As far as I know no one ever has.
No, please don’t point that at me.
I’m unarmed, defenceless except for my resolve.
There’s nothing to fear from me,
except my words.
If all lives matter,
How come a man, a black man, is asphyxiated under the knee
of a white cop while three others watch him die,
yet no one’s charged, then after public outrage one man’s charged
but not the other three who look on and do nothing,
and how come that takes another eight days of protests
and national shaming across the entire the world.

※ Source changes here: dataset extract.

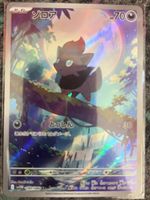 Zorua (sv11W 140)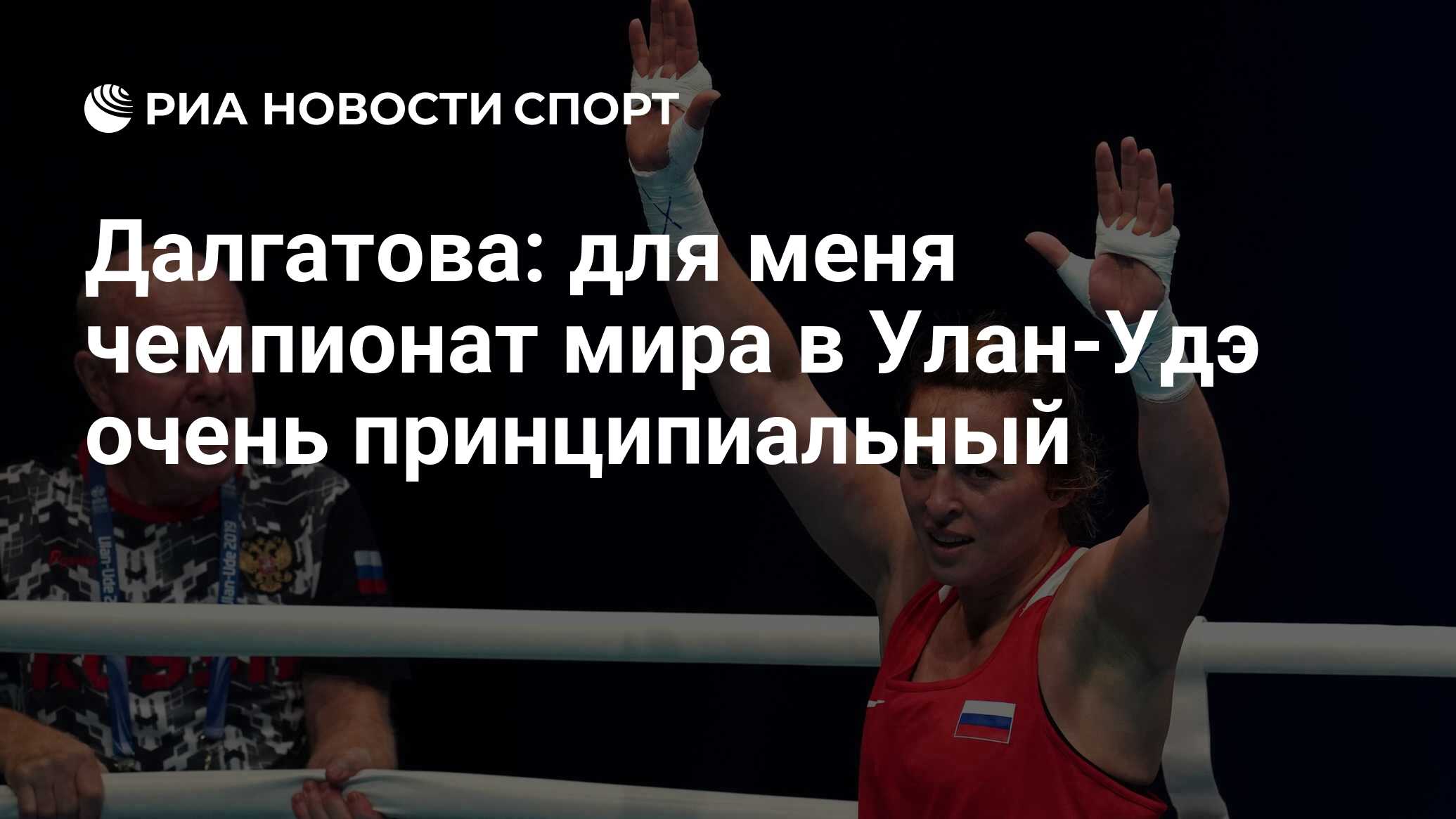 Курбана далгатова. Курбана далгатова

How come, if all lives matter,
Ahmaud Aubery, a black man, is gunned down while out jogging
and for two months his killers walk free,
and police and officials take no action against the killer ex-cop
who also happens to be a friend of the justice department?
If all lives matter,
how come all this reminds me of Eric Garner in 2014
who also said “I can’t breathe!”
And Travorn Martin in 2012, and Rodney King in 92,
and how far back do I have to go?
To the Edmond Pettus Bridge in ‘65?
To the four little girls in Little Rock Alabama in ‘63
To Emmet Till, lynched in Mississippi aged four**** years old in 55?
To Billie Holiday singing Strange Fruit in 1939?
Maybe back through entire history of segregation, Jim Crow and slavery
and the blood and bones of millions of Africans
upon which the wealth of this country was founded,
and from whose suppurating flesh the rank smell of brutality
and racism still rises and stinks out the institutions of this democracy
and the polluted ideologies of its agents and functionaries.
No! Get your hands away from my body
and stop shouting in my face.
Kill me if you want.
I am not scared of you.
No, that is not true.
Of course, I am scared, who wouldn’t be scared?
But I am staying right here, and I’m saying right now
that I’m exerting the same rights you claim to be proud to
uphold and defend.
And I believe that I believe more than you do.
You, who stands before me in the debased name of law and order,
have a question to ask yourself.
You need to ask yourself if you really do believe that
it’s self-evident that all men are born equal, and women too.
Or is it just some men and women,
specifically, the ones who look like you.
Because if you don’t then we have a problem.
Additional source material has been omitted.